What if I told you that you knew of at least three famous people from Norfolk, Nebraska? Would you doubt me? Of course you would. Because, in reality, there are at least five famous people from the area. And you likely know who they are.
The Elkhorn Valley Museum has a great display of Norfolk residents who went on to the big time. Try these names on for size: Joyce Hall, Thurl Ravenscroft, Rosie O’Neill, Orville Carlisle and John Carson. Add on a few more names – Rollie Hall, William Hall and Dick Carson. Sound familiar?
Of course you know the Carson boys. Johnny, as the long-time host of “The Tonight Show.” Dick was a long-time director of shows, including “Jeopardy” and “Wheel of Fortune.”
The Carsons were born in Iowa, but lived most of their youth in Norfolk. Johnny is the more famous one, but Dick starred in a commercial highlighting siblings of stars. Johnny Carson’s 30-year run on the late-night hit NBC show earned him six Emmy Awards and a ton of other honors.
Ever hear of a Kewpie doll? They were created by Rosie O’Neill. O’Neill was an artist and writer, who created the Kewpie dolls as comic strip characters in the early 1900s. A German toy company started manufacturing the dolls, and soon, they sold like hot cakes. They were among the first mass-marketed toys in American history.
O’Neill’s family moved from Pennsylvania to Norfolk when she was three. O’Neill went on to write novels. She was also active in the women’s suffrage movement.
You’ve heard this man’s voice over several decades. If you’ve ever eaten a bowl of Frosted Flakes, you’ve likely quoted him. “They’re Grrrreattt!” was spoken by Thurl Ravenscroft for more than 50 years as the voice of Tony the Tiger.
Ravenscroft, born in Norfolk in 1914, headed west to California at the age of 19. He performed in bands during the Big Band era. His band, the Mellomen, backed up Bing Crosby, Spike Jones and Rosemary Clooney. The band even performed in Disney movies, including the original “Pocahontas.” Later, Ravenscroft voiced Disneyland attractions, including the Pirates of the Caribbean ride and the Haunted Mansion. He was the lead voice of the singing busts in the mansion.
Now, say you’ve never seen a Tony the Tiger commercial or been to Disneyland, it’s still likely you’ve likely heard Ravenscroft’s voice on television. Ever seen “The Grinch who Stole Christmas?” Do you think that’s Boris Karloff singing “You’re a Mean One Lisa Grinch?” Err, “Mr. Grinch.” Nope. It’s Nebraska’s own Thurl Ravenscroft. His name was accidentally left out of the credits.
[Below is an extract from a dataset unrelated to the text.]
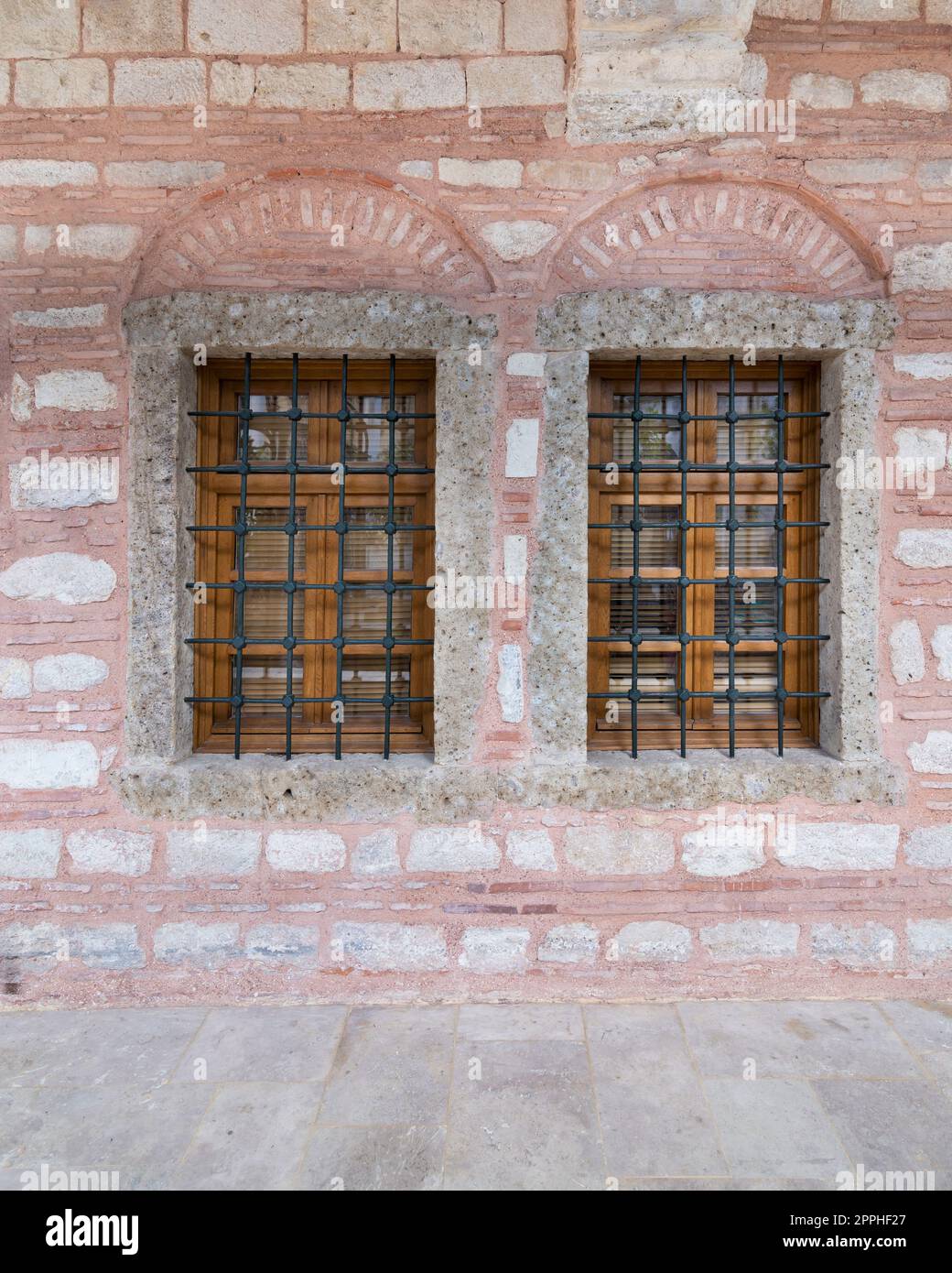 Zwei angrenzende Holzbogenfenster in einer rot-weißen Steinmauer, in der Nähe von Eyup Sultan Mosqoe, Istanbul, Türkei Stockfoto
He also sang “No Dogs Allowed” for the “Peanuts” movie, “Snoopy, Come Home.”
Have you ever launched a model rocket? Ever watched one being launched? The inventor of the model rocket hails from Norfolk. Orville Carlisle is credited with being the founder of the model rocket. Born in 1917, he was fascinated with space travel as the world started working its way there. Two of his original “Rock-A-Chute” models are on display at the National Air and Space Museum.
The final group of Norfolk residents who went on to fame are the three Hall brothers. What did they do? Well, in 1908, they bought a store in Norfolk and started selling postcards. In 1910, they realized they had a limited market in the northeast Nebraska community. So, youngest brother Joyce packed up a shoebox full of postcards, hopped a train and landed himself in Kansas City, Missouri.
He went drug store to drug store, gift shop to gift shop. He tried marketing to book stores, even wholesalers. Then, in 1915, he lost his inventory of postcards to a fire. Well, that took care of that, huh?
The Hall brothers secured a loan and bought an engraving firm. Then, a couple years later, brother William sold the shop in Norfolk and relocated to KC. The brothers launched a new company – the Hall Brothers. You know them as Hallmark, maker of greeting cards, ornaments and sentimental holiday movies.
All this fame from a small rural city in Nebraska. That is truly impressive. There are large cities that turn out a handful of famous people.
The Elkhorn Valley Museum celebrates more than its famous brethren. It’s home to the first square-turning tractor in the world. Invented in 1911, the tractor allowed the driver to make a 90-degree turn. Farmers could work closer to the fence line. A few hundred were manufactured. The museum obtained one of them.
The museum takes a look at the history of the region – from prehistoric times to contemporary days. You can see fossils found in the area of mammoths and other creatures.
Area Native American tribes recognized in the museum include the Santee, which is my tribe. Other tribes include the Ponca and the Winnebago.
The museum documents the explorers and pioneers, who visited the area.
A gallery – Grandma’s Kitchen – contains a variety of older household items.
The Norfolk museum is a nice place to visit. It does a good job of tracking the history of the region and recognizing major events and people. It’s definitely worth a visit when in the area.